Saturday February 25 2012
somalia

Somalia nationals in a Mombasa court on February 20 charged with being in possession of assault weapons, attacking the MV Tahiri and for using violence against the crew members on December 1 and 2, 2011. Picture: AFP

When it comes to businesses, fortunes are always at the mercy of chance. This is the reality Raju Malde, a director at Pwani Oil, one of Kenya’s biggest oil and fats manufacturers, is grappling with.

The profitability of his company is facing one of its worst threats with a surge in freight costs as shippers factor in charges arising from piracy on the Indian Ocean. While Somali piracy has been around for some time now, the real cost of the menace is emerging with a new report that breaks down the total price of piracy to businesses — estimating it at Ksh50 million monthly for shippers. The world, business executives said, has been so preoccupied with how piracy got to its current levels that it has not noticed how much economic pandemonium the crime is causing countries.

“Freight costs have definitely gone up,” says Mr Malde. “The shipping lines are now charging a fee they are calling piracy risk surcharge, which is $10 on freight, and another $3 on insurance.” (READ: Freight forwarders turn to air cargo as shipping costs bite)

Mr Malde said that the bulk of their imports consist of palm oil from Indonesia, which they import by the tonne. “The piracy has had the impact of reducing our margins, and we are also passing the extra costs to the consumers.”

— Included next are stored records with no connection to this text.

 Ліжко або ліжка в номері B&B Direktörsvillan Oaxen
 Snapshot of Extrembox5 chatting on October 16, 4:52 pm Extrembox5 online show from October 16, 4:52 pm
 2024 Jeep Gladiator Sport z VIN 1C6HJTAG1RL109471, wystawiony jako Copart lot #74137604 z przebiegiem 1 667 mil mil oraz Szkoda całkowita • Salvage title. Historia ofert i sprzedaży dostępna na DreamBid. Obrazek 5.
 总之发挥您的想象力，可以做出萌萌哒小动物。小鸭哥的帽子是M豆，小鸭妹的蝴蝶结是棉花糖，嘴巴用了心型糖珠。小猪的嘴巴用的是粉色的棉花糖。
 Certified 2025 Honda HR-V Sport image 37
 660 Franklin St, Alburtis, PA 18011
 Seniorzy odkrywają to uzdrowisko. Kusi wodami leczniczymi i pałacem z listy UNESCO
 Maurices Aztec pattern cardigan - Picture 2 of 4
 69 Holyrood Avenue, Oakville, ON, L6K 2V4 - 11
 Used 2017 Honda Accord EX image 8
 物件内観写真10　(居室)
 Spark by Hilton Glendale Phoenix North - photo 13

A new report by the One Earth Future Foundation, shows shipping companies are paying roughly $5,000 a day for a four-man armed team, on duty for four to 20 days to protect their vessels in the vital waters off the East African coast and through the Gulf of Aden.

The stretch — where more than a third of the world’s traded goods cross — is the most vulnerable to Somali pirates, meaning increased level of piracy pose a grave threat to international business.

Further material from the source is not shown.